40. “Buffalo Stance,” Neneh Cherry

Neneh Cherry Buffalo Stance

To absolutely no acclaim, I ran on the St. Elizabeth Catholic Secondary School track team in Grade 11. It was the spring of 1989, just as Neneh Cherry’s “Buffalo Stance” was soaring to No. 3 in Canada and the U.S. I was fast, but not legit fast; I was baseball player fast, not track athlete fast. And I wasn’t sure if I was a sprinter, middle-distance or long-distance runner. Neither was my coach. I was a little bit good at all of the above. In the regional meet, I ran the 100 metres, 4×100 relay, 4×400 relay and 400 metre race.

Did I say “absolutely no acclaim?” Well, dig into this sweet success: my 4×400 (that’s four runners each doing one lap as fast as humanly possible and it hurts) team was just not bad enough that we qualified to go to the provincial meet as an alternate. That meant that if another school’s 4×400 team didn’t show up or couldn’t compete for some reason, we would have the privilege of entering the meet and likely finishing last in our heat.

We didn’t get that privilege.

So we – meaning me and my three 4×400 teammates – had to sit on a grassy slope in the sun from probably 9:00 to 3:00 watching other students run, jump and toss their way to provincial track and field glory.

I was really not friends with anybody on the team, which included the few St. E athletes who actually qualified for a provincial event. I wasn’t enemies with them, either. This is what it is to be the quiet guy. You’re right in the middle – but, socially, really more toward the bottom. So I sat there with my beloved black Walkman with digital display, and listened to a mix tape I’d made. It was loaded with the pop, New Jack Soul and Top-40 hip-hop I loved at the time, mostly taped off the radio. You can surely guess one of the songs featured on that tape.

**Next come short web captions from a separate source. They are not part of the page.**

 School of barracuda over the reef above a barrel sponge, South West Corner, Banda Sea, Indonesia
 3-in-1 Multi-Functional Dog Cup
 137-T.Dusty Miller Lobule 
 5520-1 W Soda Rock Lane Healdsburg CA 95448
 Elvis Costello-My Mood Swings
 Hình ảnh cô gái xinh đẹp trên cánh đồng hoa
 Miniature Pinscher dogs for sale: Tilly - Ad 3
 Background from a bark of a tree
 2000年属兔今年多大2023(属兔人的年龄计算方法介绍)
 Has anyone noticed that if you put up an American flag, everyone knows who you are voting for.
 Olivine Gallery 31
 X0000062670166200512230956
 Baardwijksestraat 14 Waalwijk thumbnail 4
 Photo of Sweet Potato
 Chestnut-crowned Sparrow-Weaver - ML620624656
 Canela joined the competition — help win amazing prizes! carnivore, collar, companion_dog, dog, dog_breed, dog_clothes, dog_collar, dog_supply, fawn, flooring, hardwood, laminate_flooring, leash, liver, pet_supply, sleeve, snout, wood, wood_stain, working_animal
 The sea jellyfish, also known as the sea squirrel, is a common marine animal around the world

“Buffalo Stance” felt uplifting and kind of sexy. “Who’s looking good today? Who’s looking good in every way?” (Now that I think about it, reminds me a little of Dear Rouge’s “Best Look Lately.”) It had an ear-wormy chorus, catchy instrumental bits and raps that were fun to rhyme along with. Plus, I’ve always loved songs where the singer acknowledges the band, which she does right off the bat, introducing the high hat and tambourine and even the DJ.

So this song takes me back to being the quiet guy surrounded by cooler (and, tragically, mostly younger) kids, taking solace in my music (which I continue to do almost every day of my life). That is, until one of the younger cool kids robbed me of my solace. I don’t remember her name. I just remember she had short dark hair and pale skin and looked kind of like Martika, who had a one-hit-wonder splash at the time with the ode-to-addiction ballad Toy Soldiers,” which was probably also on that tape. So let’s call her Martika. Martika saw my sweet black Walkman with digital display and asked to borrow it. I really didn’t want to let her borrow it. I needed my solace. But she was cute and intense and a little intimidating, so I let her borrow it. She kept it for most of the rest of the day.

It was a rough day of solitude and silence. Well, boredom would be the word for it. I guess I should have felt flattered that she enjoyed my mix tape. But I was too miserable to feel flattery. She gave it back hours later with a quick thank-you and that was that. You were not welcome, Martika. You were not welcome.

I left that acclaim-free track experience behind me and didn’t join the team the next year. Fortunately, my school had a softball team in Grade 12, which was much more my speed. Was there acclaim? Oh, yeah there was acclaim: I was voted Most Sportsmanlike Player on my team. That was, like, the second-highest honour you could get in St. E athletics. Beat that, Martika.